Evidence of acquired distinctive character through use can consist of brand catalogues, marketing evidence in general – both online and printed, pictures of how the colour is used on the goods/packing, sales figures, marketing figures, market share, etc. However, a market survey showing the percentage of the relevant public that recognises the colour as being related to the applicant is the key form of evidence when proving acquired distinctive character through use. Basically, apply for a single colour trademark registration only if the client is willing to perform a market survey.

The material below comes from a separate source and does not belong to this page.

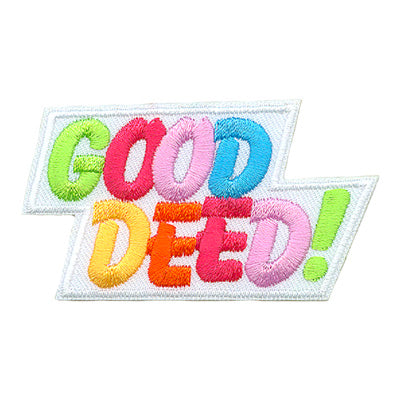 12 Pieces-Good Deed! Patch-Free shipping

The brand awareness for the only two colours that have obtained registration in Denmark is significantly high – bordering on impressive. The coloured circulation pumps enjoy a 96 % awareness in the professional part of the relevant public. The applicant argued that the relevant part of the public should be limited to only the professional part of the public as, according to the laws of Denmark, only professionals are allowed to install circulation pumps. Consequently the applicant successfully argued that the general public should be excluded despite the fact that all people owning a house must be considered to be end-users as everybody needs a circulation pump for the heating system installed in any house in Denmark (due to the cold weather). Limiting the relevant public to professionals properly helped obtain a brand awareness of 96 %.
As far as , applied for by A.P. Møller-Mærsk A/S, is concerned, the unaided brand awareness is 88 % for people above 18 years old, which the Danish TMO considered to be significantly high. It is difficult not to be impressed by the significantly high percentages of brand awareness that include about 90 % of the population.
Unusual colour for the goods and services
Before deciding to apply for a single colour mark, it is worth considering whether the colour can be considered to be usual or unusual for the goods/services applied for. The fight for a usual colour is more of an up-hill battle than the fight for an unusual colour. A usual colour for chocolates is gold for example; a usual colour for sea transport is blue as the sea.
The Danish TMO also commented on whether a trademark registration to the sign applied for by A.P. Møller-Mærsk A/S would unduly restrict competitors in the sea-freights transportation business, but the TMO considered that this was not the case. It might have helped that the colour is called ‘Pantone Maersk Blue’.
To sum up, it indeed appears to be unreasonably difficult to obtain a registration to a single colour in Denmark. As the number of colours is limited – and therefore the number of single colour registrations are, too – it seems reasonable that there is a certain threshold for brand awareness to be passed before a registration can be obtained – but is there really a need for 49+ years of prior use and brand awareness of 88%+? Maybe less would do.